Las ciudades occidentales se han hecho a imagen y semejanza de un cuerpo de hombre, desde los tiempos del urbanismo romano, con la proverbial metáfora de Vitrubio de la anatomía masculina como medida de la arquitectura y la urbe (Sennett 1997). Analogía que continuaría todavía en el siglo XVII con la imagen de un cuerpo político varonil desarrollada por Hobbes, Locke y Rousseau (Grosz 1992). Así, el umbiculus de esta ciudad-Estado (la plaza) producía y controlaba un espacio esencialmente patriarcal. Esta espacialización nos da las claves históricas para entender la violenta perturbación que suponen algunas de las acciones de las performers que venimos analizando, quienes han visibilizado la exclusión de las mujeres latinoamericanas de la plaza pública. Allí han logrado sobreponer el cuerpo periférico femenino sobre la androcéntrica espacialización urbana. Desestabilizadores cataclismos simbólicos y epistemológicos.

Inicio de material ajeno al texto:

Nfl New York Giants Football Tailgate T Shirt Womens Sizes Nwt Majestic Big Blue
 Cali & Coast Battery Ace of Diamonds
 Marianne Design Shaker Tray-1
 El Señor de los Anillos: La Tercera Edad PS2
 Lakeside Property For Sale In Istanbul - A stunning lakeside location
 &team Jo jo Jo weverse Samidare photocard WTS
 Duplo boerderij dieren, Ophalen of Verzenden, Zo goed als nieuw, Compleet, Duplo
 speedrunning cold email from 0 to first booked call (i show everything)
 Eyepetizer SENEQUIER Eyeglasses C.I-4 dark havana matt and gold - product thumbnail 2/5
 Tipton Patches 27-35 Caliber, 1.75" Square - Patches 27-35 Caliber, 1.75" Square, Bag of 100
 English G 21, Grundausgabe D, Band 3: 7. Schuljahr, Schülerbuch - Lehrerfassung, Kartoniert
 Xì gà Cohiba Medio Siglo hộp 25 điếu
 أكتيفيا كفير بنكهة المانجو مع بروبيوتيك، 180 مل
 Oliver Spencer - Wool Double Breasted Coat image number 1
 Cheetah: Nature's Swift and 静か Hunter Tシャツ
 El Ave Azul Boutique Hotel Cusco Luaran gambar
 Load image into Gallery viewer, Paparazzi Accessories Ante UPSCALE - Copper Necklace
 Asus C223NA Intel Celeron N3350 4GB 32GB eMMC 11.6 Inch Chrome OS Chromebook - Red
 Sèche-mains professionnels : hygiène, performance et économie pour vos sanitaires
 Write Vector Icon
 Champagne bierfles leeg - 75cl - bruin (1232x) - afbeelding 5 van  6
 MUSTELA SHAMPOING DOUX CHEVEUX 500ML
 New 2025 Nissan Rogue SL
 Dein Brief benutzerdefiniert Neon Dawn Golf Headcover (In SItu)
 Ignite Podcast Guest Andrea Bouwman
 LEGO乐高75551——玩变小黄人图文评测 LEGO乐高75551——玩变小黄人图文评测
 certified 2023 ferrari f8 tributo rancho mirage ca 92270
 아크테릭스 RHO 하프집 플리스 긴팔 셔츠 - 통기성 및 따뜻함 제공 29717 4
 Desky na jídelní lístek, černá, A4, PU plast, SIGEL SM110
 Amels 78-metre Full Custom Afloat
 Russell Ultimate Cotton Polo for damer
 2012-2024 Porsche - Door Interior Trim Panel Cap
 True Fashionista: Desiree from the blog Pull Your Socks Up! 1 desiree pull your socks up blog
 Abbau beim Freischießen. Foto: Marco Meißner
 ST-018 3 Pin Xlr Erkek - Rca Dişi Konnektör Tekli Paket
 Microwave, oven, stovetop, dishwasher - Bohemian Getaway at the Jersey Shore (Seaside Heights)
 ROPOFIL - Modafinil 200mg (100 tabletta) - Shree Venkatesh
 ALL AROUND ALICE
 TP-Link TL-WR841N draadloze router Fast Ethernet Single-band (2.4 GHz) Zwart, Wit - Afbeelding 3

Sennet, al reflexionar sobre la urbe griega, dice: «La desnudez era emblemática de un pueblo que se sentía a gusto con su ciudad. Era el lugar en que se podía vivir felizmente expuesto» (1997). Obviamente, esta posibilidad les era negada a las mujeres de Atenas, como sigue sucediendo en la actualidad. Los cuerpos femeninos no se sienten a gusto en nuestras ciudades; en ellas no pueden estar felizmente expuestas. Por eso, una mujer desnuda en la plaza es una imagen inédita que hace un corto circuito con los códigos sociales y visuales del espacio público.
Bolívar fotoasaltado
Érika Ordosgoitti, además de la arquitectura de la marginalidad de la que ya nos hemos ocupado, también ha explorado la del poder, esa que se concentra en las plazas mayores de las ciudades latinoamericanas. La estrategia es tan simple y compleja como desnudarse en estos centros hipersignificados por los discursos patrióticos bolivarianos. Allí se ubica de preferencia al lado de los monumentos del Libertador. Al hacerlo, está sacando la desnudez femenina del lugar que se le asigna en las sociedades contemporáneas (los recintos privados, la publicidad, la pornografía). Y, al tiempo, está contaminando el impoluto, marcial y masculino espacio de la Plaza.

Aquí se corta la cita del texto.